Those expecting the markets to offer clear, decisive answers are destined for frustration. At times markets react to events in rational ways, but often they seek to frustrate us at every turn. Consider the movement of the Dow Jones Industrial Average (Dow) since January. Weakness early in the year led to a sharp decline (red line) as people feared the economy was descending into the abyss. Just as quickly, the market determined this view was incorrect and a sharp rally (black line) completed a classic V-shaped rebound. As this process was unfolding, economic and company-specific information dictated the ebb and flow of prices.
Since the Dow topped out nearly three weeks ago at 8,575 (black arrow), less concern has been paid to news and more to the market’s technical patterns. Recently, prices have bounced in a tight trading range (black dotted lines). As I mentioned on my recent appearance on Canada’s Business News Network, the rising 50-day moving average (MA) and falling 200-day MA are setting up a key inflection point. Just as a coil that gets compressed for too long will eventually spring loose, we should expect stock prices to come unbound shortly. If the Dow can rally above both the recent high and the 200-day MA (8,779) we should expect the market to eclipse 9,000 as the rally continues (black box).
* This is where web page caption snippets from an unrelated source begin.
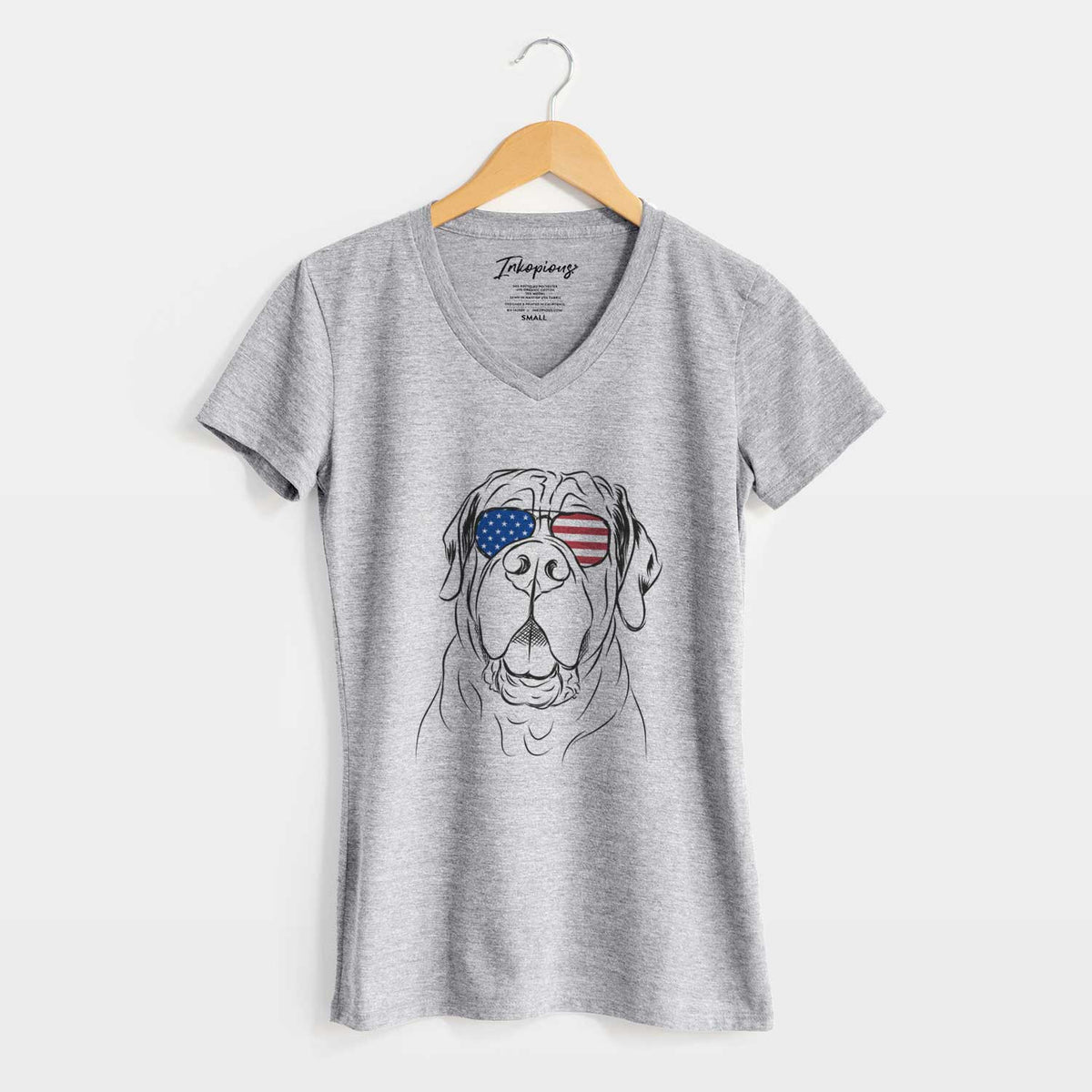 USA Tufton the English Mastiff - Women&#39;s Perfect V-neck Shirt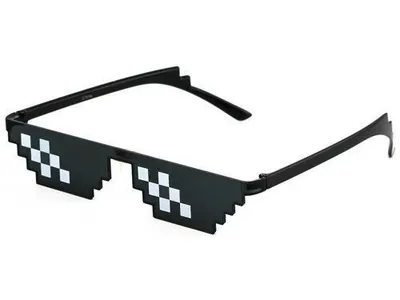 black pixel glasses" Sticker for Sale by dakamu | Redbubble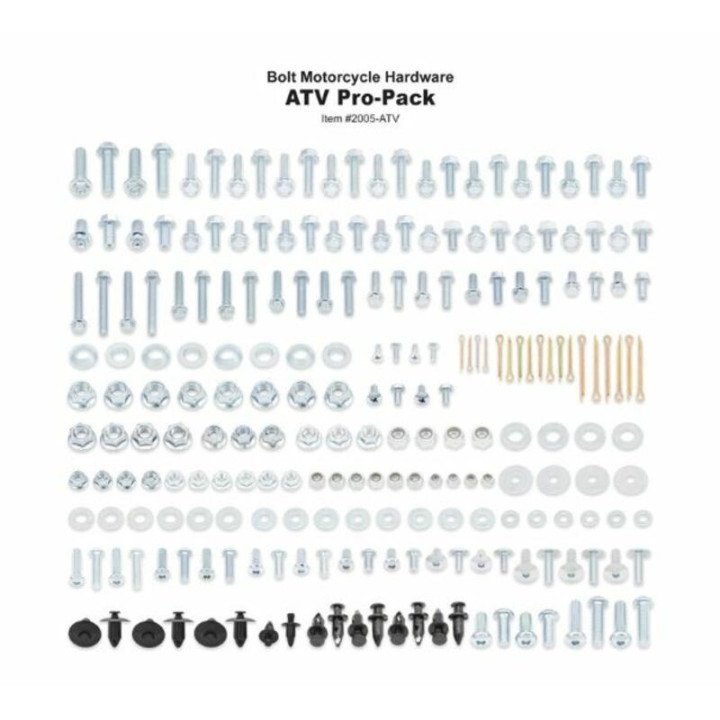 Pro Pack Bolt ATV & UTV 225 pieces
However, a break below the 50-day MA (8,088) would open the door to 7,400 (red box) with a likely retest of the March low (6,547). Investors will be well served to watch these price points and take action once the trend becomes clear.
Monday looks to offer an important test of the trading range. Pre-market futures are above the recent high. If that strength maintains, we will see the topside of the range violated and higher prices lie ahead. Were the initial strength to fade, the reversal would be bearish and the future uncertain. Facing a week which features important economic data, we should receive an answer to this question in the near future.